__INSTRUCTIONS FOR THE TASK__. Although the data below contains pictures, please reproduce only its words, exactly.

=== Begin Enclosure ===

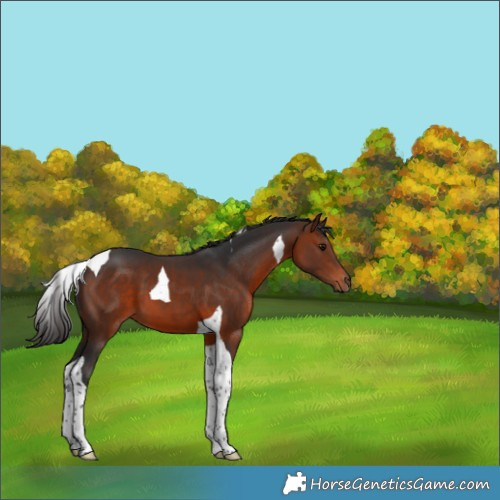 Horse Color:Bay Tobiano 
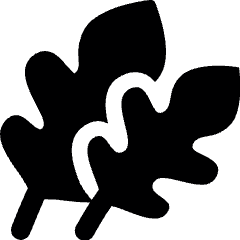 Vegetable Arugula Rocket Icon from Ultimate Bold Set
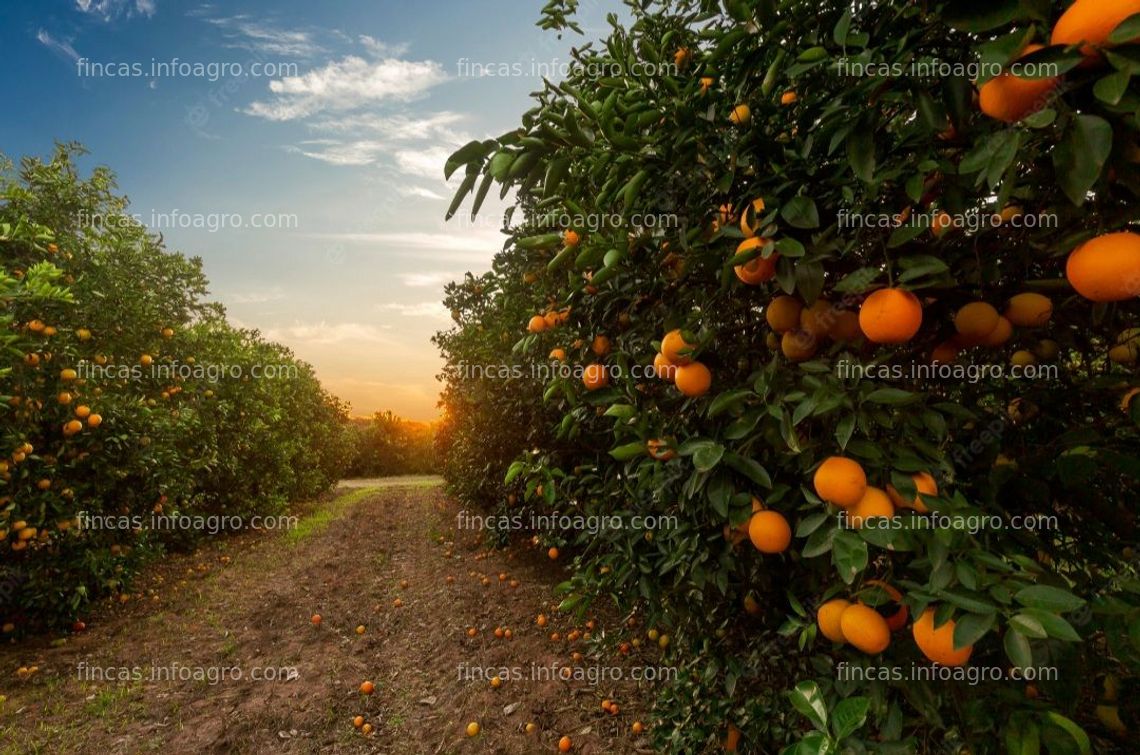 Fotos de Vendo 2 fincas de naranjos en Valencia 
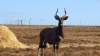 LOT 16B 1 X Nyala Bull, Son of 34" 'ROCKY' LASARUS Albertinia - 2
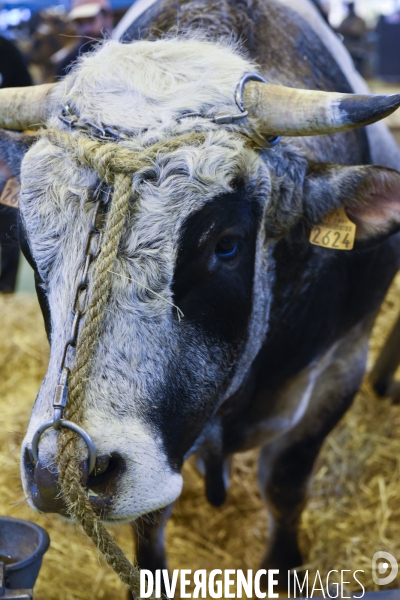 Paris Salon de l Agriculture 2015 : les coulisses à la veille de l ouverture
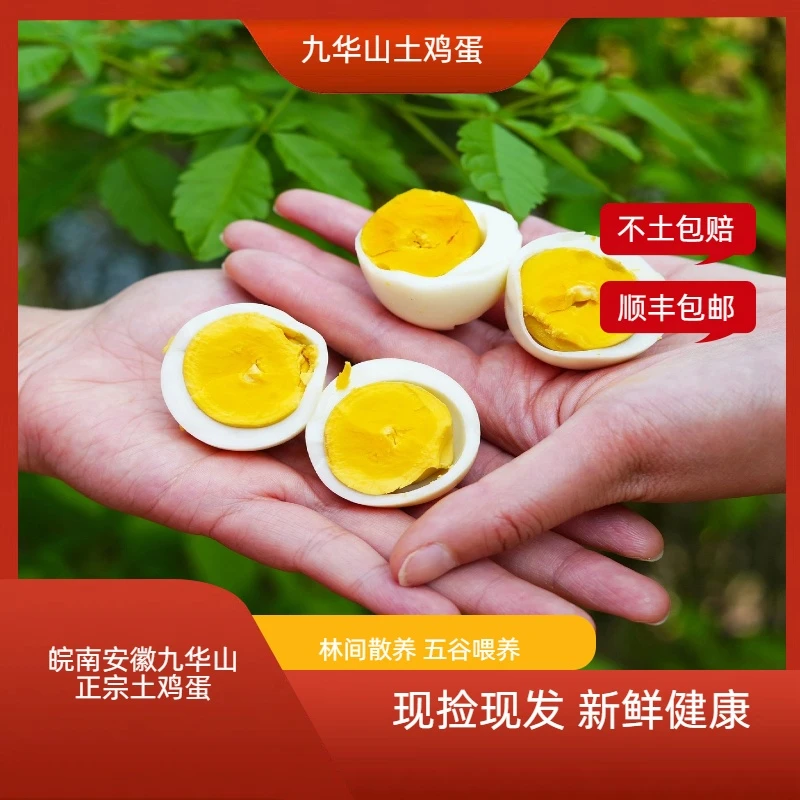 皖南九华山农村散养土鸡蛋正宗农户新鲜土鸡蛋营养高品质土鸡蛋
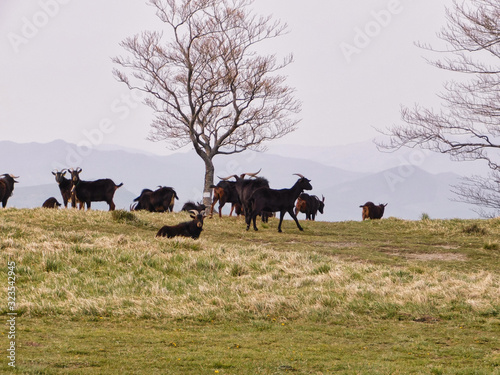 group of goats grazing in the mountains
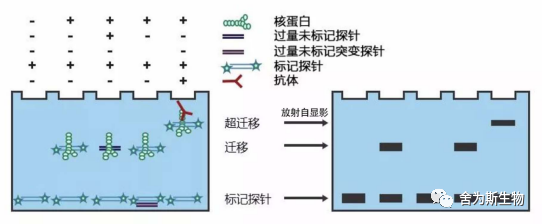 技术资料图片1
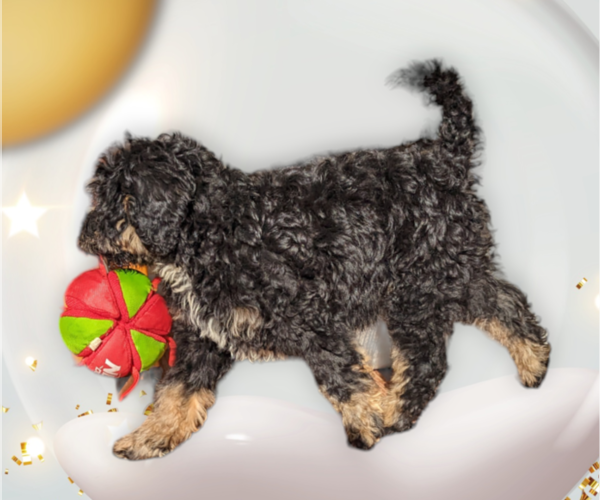Medium Photo #3 Miniature Bernedoodle Puppy For Sale in PLACERVILLE, CA, USA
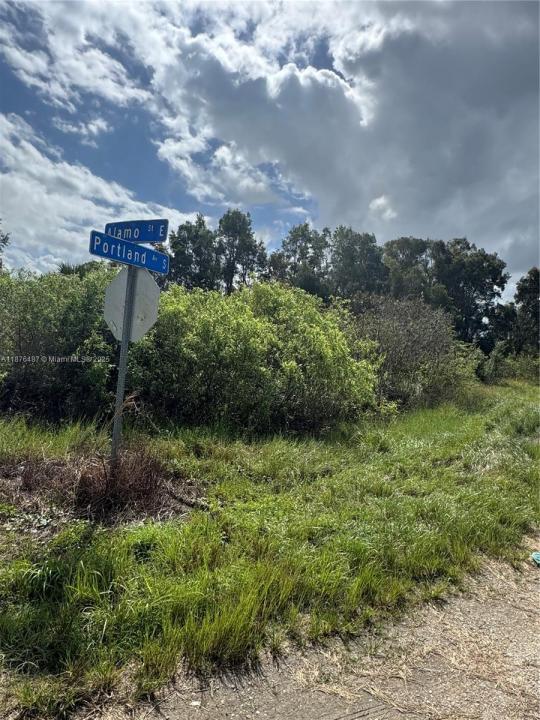 1005 PORTLAND, Lehigh Acres, Florida 33974, Amerika Birleşik Devletleri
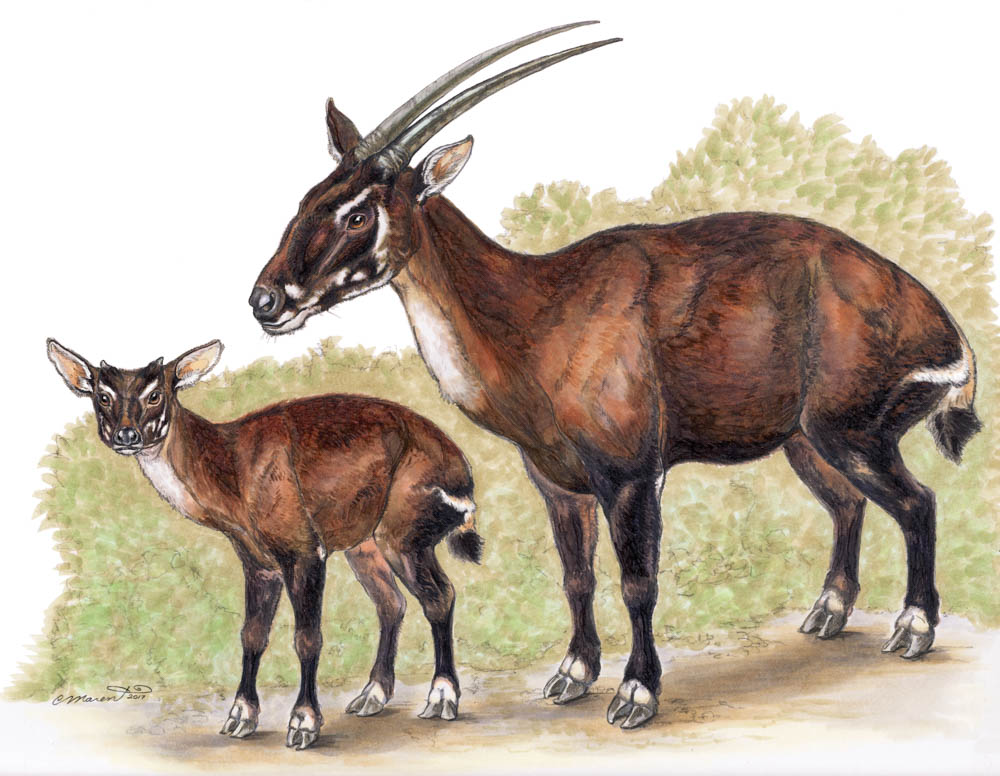 Saola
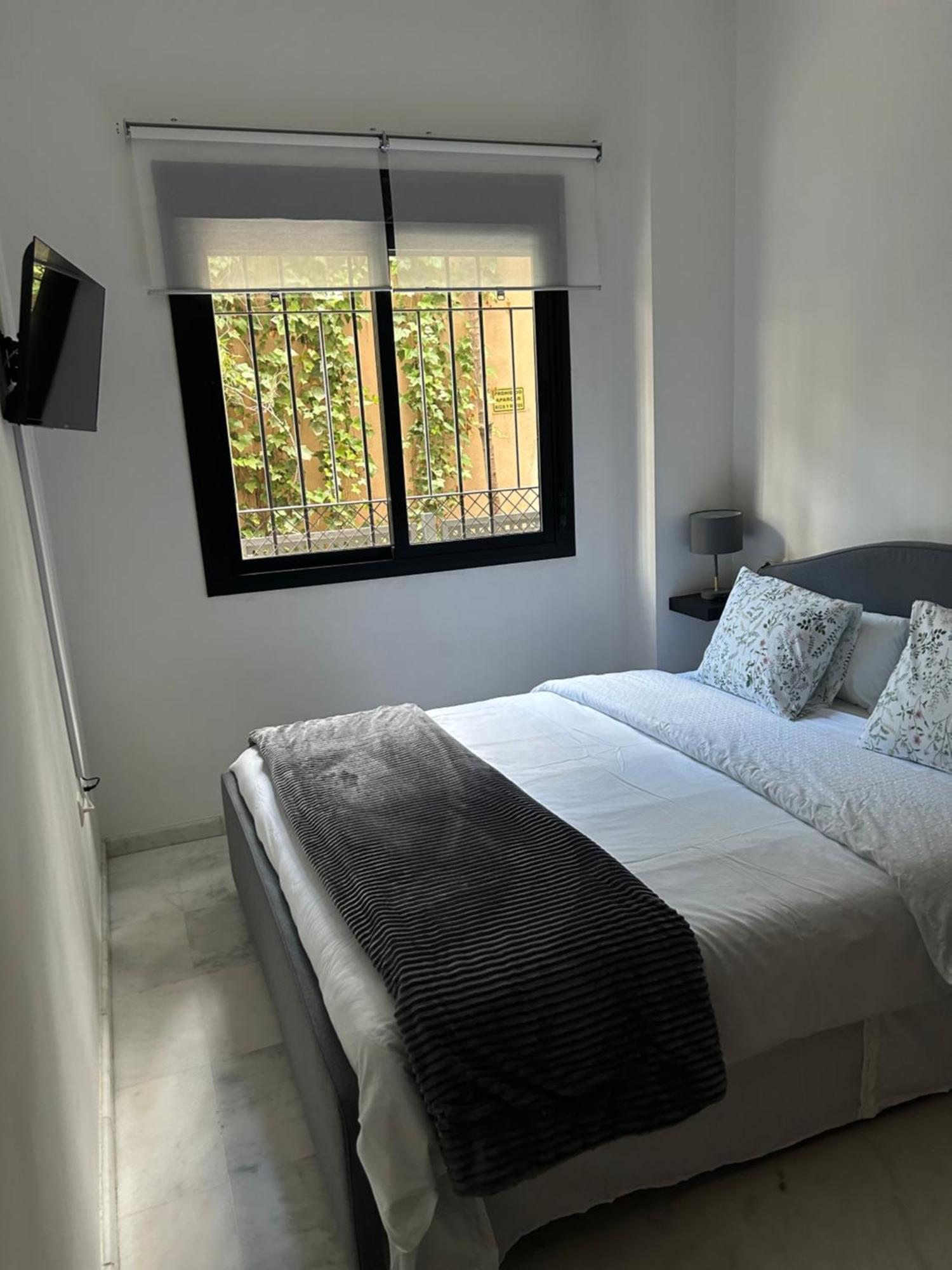 Apartamento Proximo Al Centro De 2 Dormitorios Con Piscina. Sevilla Dış mekan fotoğraf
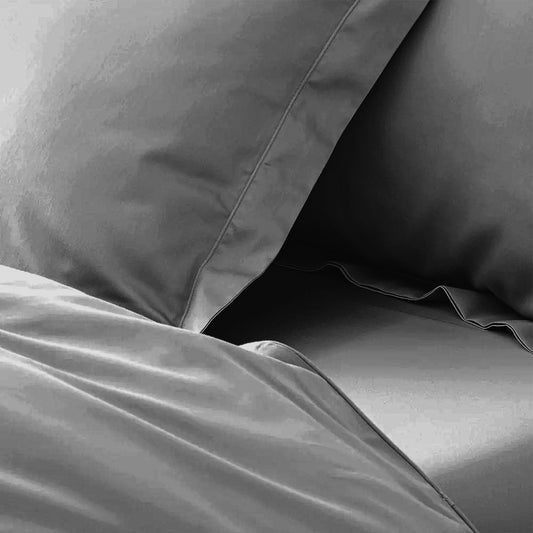 enera King Bedsheet with 2 Pillow Covers 100% Pure Cotton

=== End Enclosure ===

__REPLY TO THE TASK__.
 Horse Color:Bay Tobiano 
 Vegetable Arugula Rocket Icon from Ultimate Bold Set
 Fotos de Vendo 2 fincas de naranjos en Valencia 
 LOT 16B 1 X Nyala Bull, Son of 34" 'ROCKY' LASARUS Albertinia - 2
 Paris Salon de l Agriculture 2015 : les coulisses à la veille de l ouverture
 皖南九华山农村散养土鸡蛋正宗农户新鲜土鸡蛋营养高品质土鸡蛋
 group of goats grazing in the mountains
 技术资料图片1
Medium Photo #3 Miniature Bernedoodle Puppy For Sale in PLACERVILLE, CA, USA
 1005 PORTLAND, Lehigh Acres, Florida 33974, Amerika Birleşik Devletleri
 Saola
 Apartamento Proximo Al Centro De 2 Dormitorios Con Piscina. Sevilla Dış mekan fotoğraf
 enera King Bedsheet with 2 Pillow Covers 100% Pure Cotton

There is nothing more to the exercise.